**WHAT THE TASK REQUIRES:**
Locate the line containing "Building Photo - 511 Dominik Dr" in the data below. Reproduce it and every following line up to the end, exactly as given.

**RECORDS FOR THIS EXERCISE:**
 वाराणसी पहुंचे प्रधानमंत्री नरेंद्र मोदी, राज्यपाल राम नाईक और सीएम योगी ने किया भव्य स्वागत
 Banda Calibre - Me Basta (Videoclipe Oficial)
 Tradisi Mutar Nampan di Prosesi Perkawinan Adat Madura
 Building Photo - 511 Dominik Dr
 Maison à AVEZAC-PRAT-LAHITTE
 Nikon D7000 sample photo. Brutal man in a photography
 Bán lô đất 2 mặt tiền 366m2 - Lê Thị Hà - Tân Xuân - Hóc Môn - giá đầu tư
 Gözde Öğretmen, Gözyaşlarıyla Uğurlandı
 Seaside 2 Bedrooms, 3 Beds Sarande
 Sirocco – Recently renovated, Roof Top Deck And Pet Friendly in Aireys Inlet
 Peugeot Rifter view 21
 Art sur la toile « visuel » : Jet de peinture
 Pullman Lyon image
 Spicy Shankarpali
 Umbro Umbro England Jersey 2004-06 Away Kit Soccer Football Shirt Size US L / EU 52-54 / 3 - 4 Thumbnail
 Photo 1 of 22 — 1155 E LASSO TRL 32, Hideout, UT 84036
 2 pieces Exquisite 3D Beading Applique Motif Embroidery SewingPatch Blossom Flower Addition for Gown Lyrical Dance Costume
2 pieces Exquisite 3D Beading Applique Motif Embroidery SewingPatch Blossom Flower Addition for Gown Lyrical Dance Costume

**FINISHED TASK:**
 Building Photo - 511 Dominik Dr
 Maison à AVEZAC-PRAT-LAHITTE
 Nikon D7000 sample photo. Brutal man in a photography
 Bán lô đất 2 mặt tiền 366m2 - Lê Thị Hà - Tân Xuân - Hóc Môn - giá đầu tư
 Gözde Öğretmen, Gözyaşlarıyla Uğurlandı
 Seaside 2 Bedrooms, 3 Beds Sarande
 Sirocco – Recently renovated, Roof Top Deck And Pet Friendly in Aireys Inlet
 Peugeot Rifter view 21
 Art sur la toile « visuel » : Jet de peinture
 Pullman Lyon image
 Spicy Shankarpali
 Umbro Umbro England Jersey 2004-06 Away Kit Soccer Football Shirt Size US L / EU 52-54 / 3 - 4 Thumbnail
 Photo 1 of 22 — 1155 E LASSO TRL 32, Hideout, UT 84036
 2 pieces Exquisite 3D Beading Applique Motif Embroidery SewingPatch Blossom Flower Addition for Gown Lyrical Dance Costume
2 pieces Exquisite 3D Beading Applique Motif Embroidery SewingPatch Blossom Flower Addition for Gown Lyrical Dance Costume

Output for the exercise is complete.